MoveOn apologizes for Barron criticism

(JTA) — MoveOn.org has apologized for what it called an “offensive and inflammatory” email blast criticizing the congressional candidacy of New York City Councilman Charles Barron.

“The email was all too reminiscent of the kind of attacks that have been used by our opponents to divide progressives over and over again — white folks from African Americans, Jews from non-Jews, recent immigrants from descendants of immigrants, etc.,” Justin Ruben, executive director of MoveOn.org Political Action, wrote in an email apology sent Friday.

The online liberal group was one of many groups and individuals to criticize Barron’s candidacy in advance of the June 26 Democratic primary for New York’s 8th Congressional District. Brooklyn Assemblyman Hakeem Jeffries’ handily defeated Barron in the primary in the bid to succeed Rep.
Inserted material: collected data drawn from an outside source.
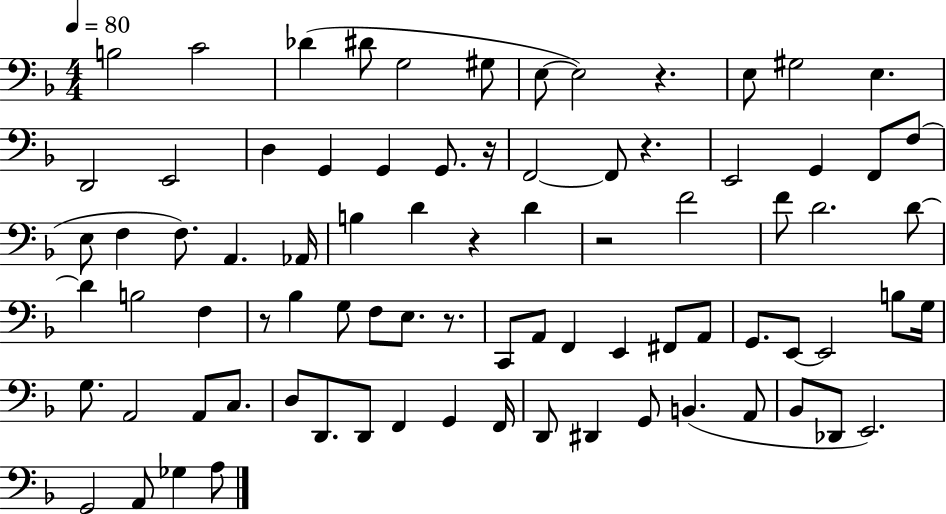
X:1
T:Untitled
M:4/4
L:1/4
K:F
B,2 C2 _D ^D/2 G,2 ^G,/2 E,/2 E,2 z E,/2 ^G,2 E, D,,2 E,,2 D, G,, G,, G,,/2 z/4 F,,2 F,,/2 z E,,2 G,, F,,/2 F,/2 E,/2 F, F,/2 A,, _A,,/4 B, D z D z2 F2 F/2 D2 D/2 D B,2 F, z/2 _B, G,/2 F,/2 E,/2 z/2 C,,/2 A,,/2 F,, E,, ^F,,/2 A,,/2 G,,/2 E,,/2 E,,2 B,/2 G,/4 G,/2 A,,2 A,,/2 C,/2 D,/2 D,,/2 D,,/2 F,, G,, F,,/4 D,,/2 ^D,, G,,/2 B,, A,,/2 _B,,/2 _D,,/2 E,,2 G,,2 A,,/2 _G, A,/2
Edolphus Towns (D-N.Y.), the 30-year incumbent who is retiring.

MoveOn had received some negative criticism following its email blast.

Barron has expressed support for dictators such as Robert Mugabe of Zimbabwe and the late Muammar Khadafy of Libya, and has called Israel a terrorist state.

The original anti-Barron email, signed by MoveOn’s campaign director Daniel Mintz and senior strategist Levana Layendecker, called Barron “one of those people … who don’t belong in elected office.”

“What Barron doesn’t want you to know is that rather than actually trying to fix problems, he’s spent his career specializing in divisive, offensive, and just plain outrageous statements and behavior,” MoveOn wrote.

A number of elected and former elected New York officials — many of them Jewish — spoke out against Barron’s candidacy.

MoveOn had been targeted by Jewish groups in previous elections because of incendiary comments posted to its website. MoveOn officials noted in response that they had quickly scrubbed anti-Semitic references.